I have two companies in a bidding war over me. LMAO.
Thing is it's not about the money to me. It's about stability and being able to develop professionally, whichever job offers me the best balance of both gets me.
My life is just like it was when my soccer career took off. I fukked that up being hella arrogant and having no foresight. This time I'm going to make the best decision for myself. After failing I promised myself I'd be back at the top in 3 years and I would not fukk it up the second time around. I got back to the top in 2.5 years and I'm moving maturely.
Intention setting folks, commit to that shyt.
Only one person knows how hard I worked to be here. I'm blessed to be alive and have these opportunities. I was raised around killers I'm just happy to be here.
I am excited to teach my kids how to handle these situations. Nobody told me anything. I had to fail to learn. shyt almost killed me. I almost killed myself. I think it about it less, but I still think about it.
I sacrificed everything to be here and I can't help but realize I am alone. The old me would be upset, the new me doesn't care. I'm not surrounding myself with fake ass people just to have people around again.
No one to watch my back means no one to cut my throat.
I plan to tell my kids I'm proud of them every time I see them. I'm proud of them right now and I don't have any, lol. They will hear my praises so much they will get tired of it.

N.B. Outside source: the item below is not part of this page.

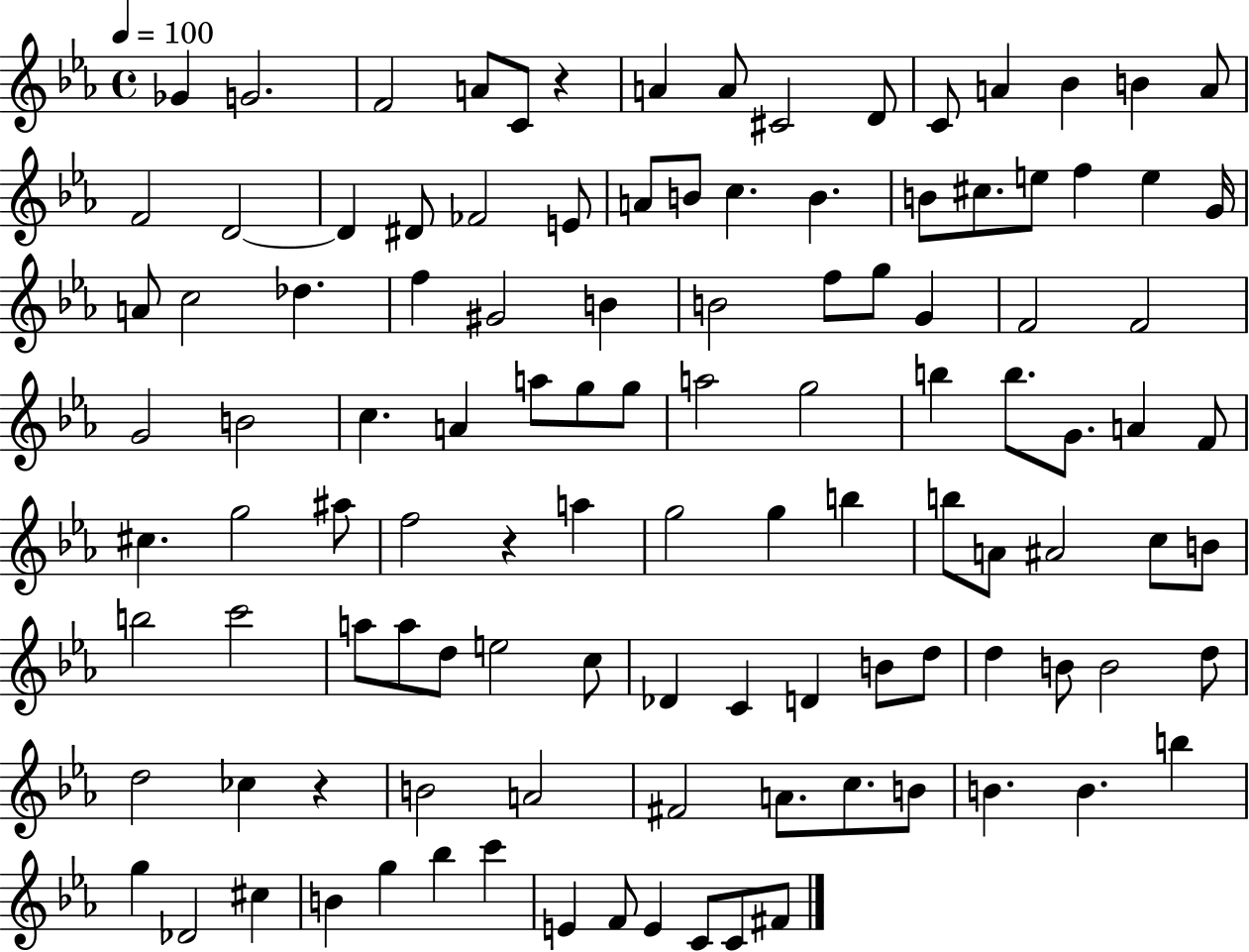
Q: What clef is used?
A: treble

Am I the only person who gets borderline suicidal after accomplishing something? I have to win, but I hate winning because I realize I'm alone as fukk and nobody is proud of me other than me. I'm not saying I do it for the glory but it'd be nice to share my accomplishments with someone one day.
I should be happy, but I want to cry and bury myself alive. When I die I won't know anyone. That's hella sad to me.